Esteri

Russiagate, il genero di Trump ammette incontri con i russi

Jared Kushner, genero e consigliere del presidente Donald Trump, ha ammesso quattro incontri con esponenti russi durante la campagna elettorale, ma allo stesso tempo, in una dichiarazione scritta, si difende: "Non ho cospirato, né conosco alcuno che nella campagna elettorale lo abbia fatto, con governi stranieri. Non ho avuto contatti impropri.

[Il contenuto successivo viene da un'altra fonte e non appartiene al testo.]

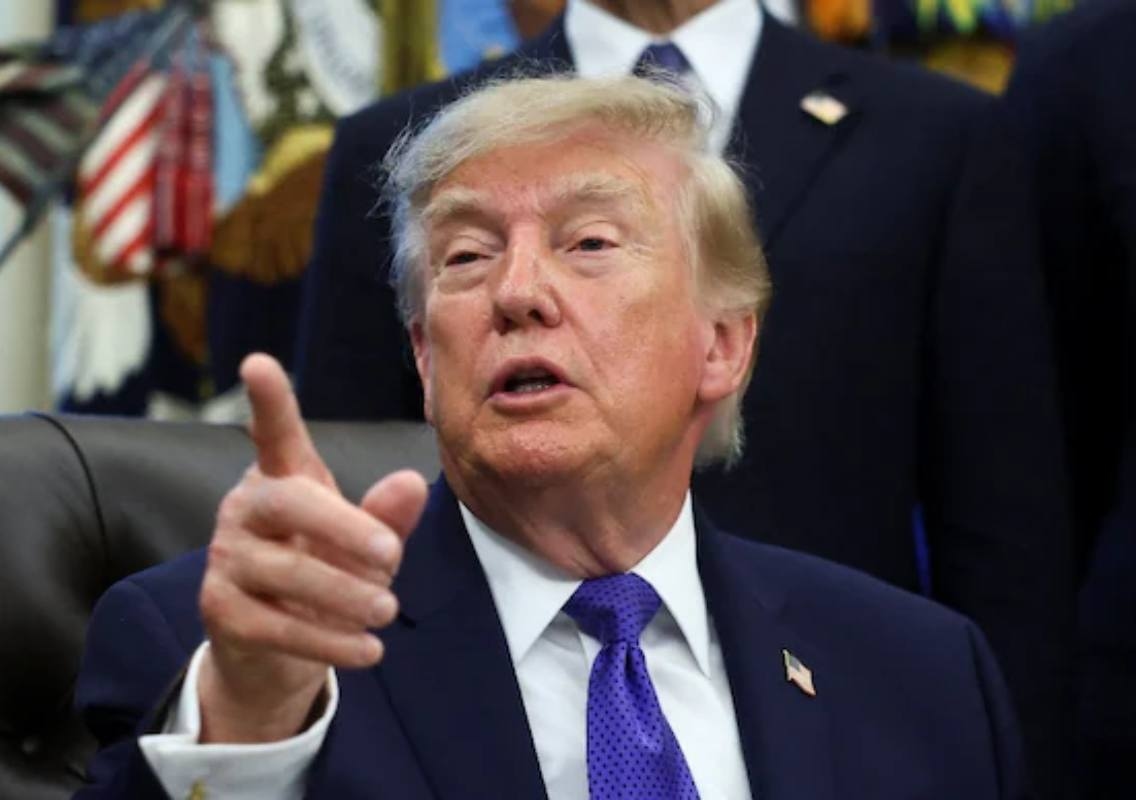 Trump says he raised prisoners’ cases with Xi - News Karnataka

Non ho fatto affidamento su fondi russi per finanziare le mie attività imprenditoriali nel settore privato".

Kushner ha confermato due incontri con l'allora ambasciatore russo negli Stati Uniti, Sergey Kislyak, appena richiamato a Mosca, di cui una prima che Trump diventasse ufficialmente il candidato repubblicano alla Casa Bianca. Poi ha avuto un incontro con il capo di una banca russa di proprietà statale. Infine, c'è stato l'ormai famoso "tavolo a otto" alla Trump Tower, nel giugno 2016, con un'avvocata russa (da cui Donald Trump jr., Il figlio del presidente, si aspettava notizie compromettenti su Hillary Clinton). E' quanto emerge da un comunicato di 11 pagine diffuso dallo stesso Kushner questa mattina, prima della sua audizione a porte chiuse davanti alla Commissione intelligence del Senato statunitense. Pagine in cui Kushner ha fornito il primo resoconto pubblico dei quattro incontri avuti con esponenti russi durante la campagna elettorale presidenziale dello scorso anno e durante il periodo di transizione tra l'amministrazione Obama e quella attuale.

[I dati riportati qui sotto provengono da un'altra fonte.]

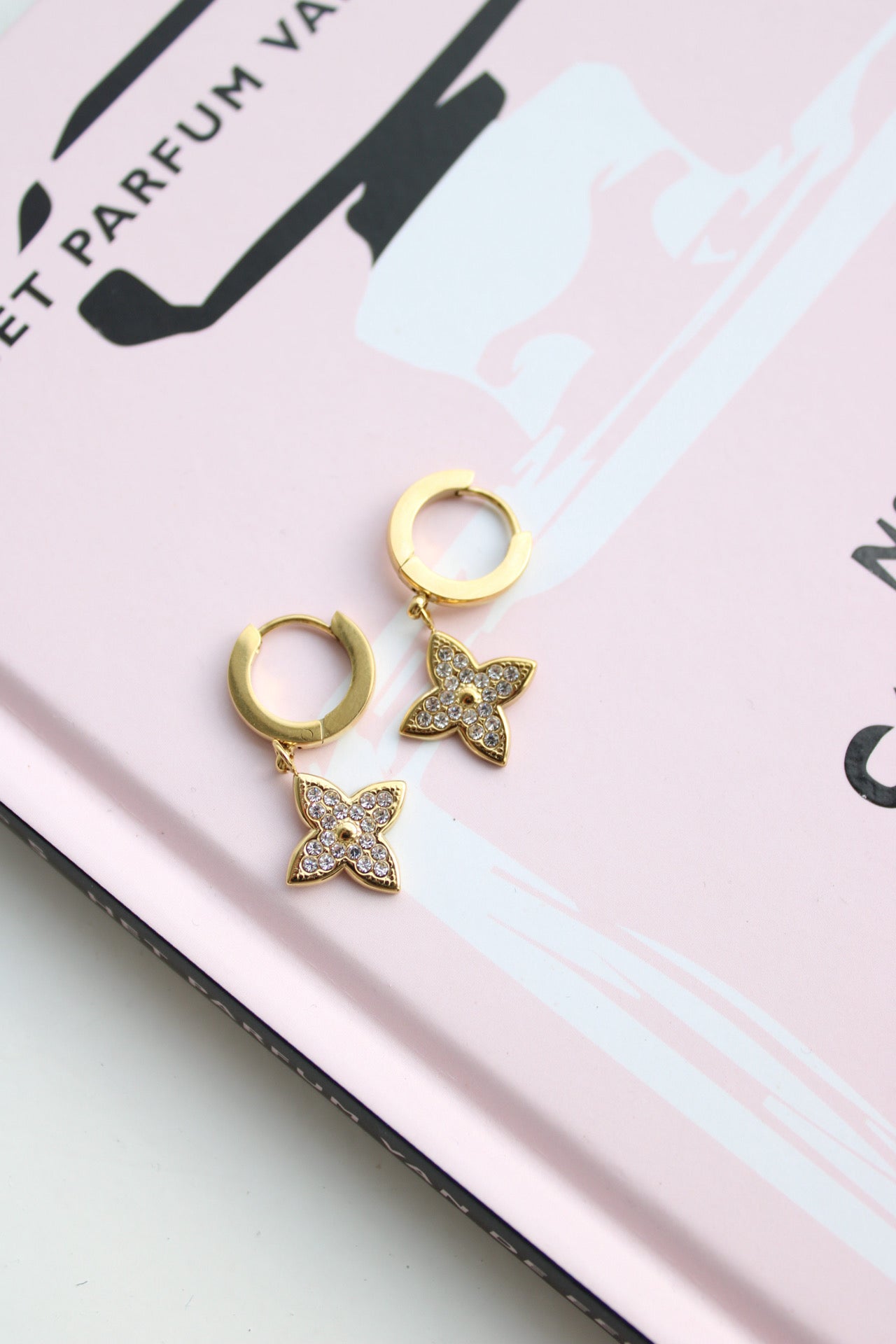 Clover oorbellen - Frenky's Fashion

Nell'aprile 2016, Kushner ha incontrato l'ambasciatore Kislyak e tre altri diplomatici a un evento al Mayflower Hotel di Washington. Un portavoce del genero di Trump aveva in passato negato che i due si fossero incontrati privatamente a quell'evento e un portavoce della Casa Bianca ha detto questa mattina che il comunicato di Kushner non contraddice quella affermazione, visto che non si sarebbero parlati faccia a faccia. "Gli ambasciatori erano interessati a creare rapporti positivi, in caso di una nostra vittoria alle elezioni" ha scritto Kushner. "Ogni scambio è durato meno di un minuto; alcuni di loro mi hanno dato i biglietti da visita e mi hanno invitato a pranzo alle loro ambasciate, ma non c'è mai stato un seguito a quegli inviti".

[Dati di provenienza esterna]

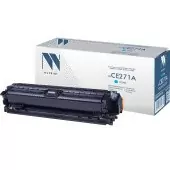 -/ Тонер-картридж NVP NV-CE271A Cyan для HP Color LaserJet CP5525dn/ CP5525n/ CP5525xh/ M750dn/ M750n/ M750xh (15000k)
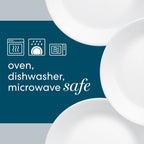 Corelle® Square Splendor 10.5" Dinner Plates, 6-pack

Kushner afferma di non ricordare telefonate con Kislyak tra l'aprile e il novembre di quell'anno, riportate da Reuters, e di non averne trovata traccia nei tracciati telefonici. Quindi, si definisce "dubbioso sul fatto che abbiano avuto luogo". In un incontro con Kislyak dopo le elezioni, il 1 dicembre, il consigliere di Trump dice poi di aver espresso il desiderio che gli Usa avessero un nuovo inizio con la Russia. "Il fatto che io chiedessi di come iniziare un dialogo dopo il giorno delle elezioni dovrebbe essere chiaramente visto come una forte prova che non ero consapevole che ne esistesse uno già prima del voto", ha scritto Kushner. Questi non aveva inizialmente dato notizia di incontri con i russi, sui moduli compilati per avere l'autorizzazione di sicurezza governativa. In seguito ha poi rivisto quei moduli più volte, e afferma di aver mandato le informazioni in modo prematuro per errore e di avervi omesso tutti i contatti con l'estero, non solo quelli con i russi.

Kushner affronta due giorni di audizioni a porte chiuse al Congresso questa settimana, in relazione al cosiddetto Russiagate. Oggi lunedì 24 luglio è atteso alla commissione Intelligence del Senato, domani alla commissione Intelligence della Camera. Un altro panel, la commissione Giustizia del Senato, sta invece negoziando con il capo della campagna elettorale repubblicana Paul Manafort e con il figlio maggiore di Trump, Donald Trump Jr, sulla loro testimonianza.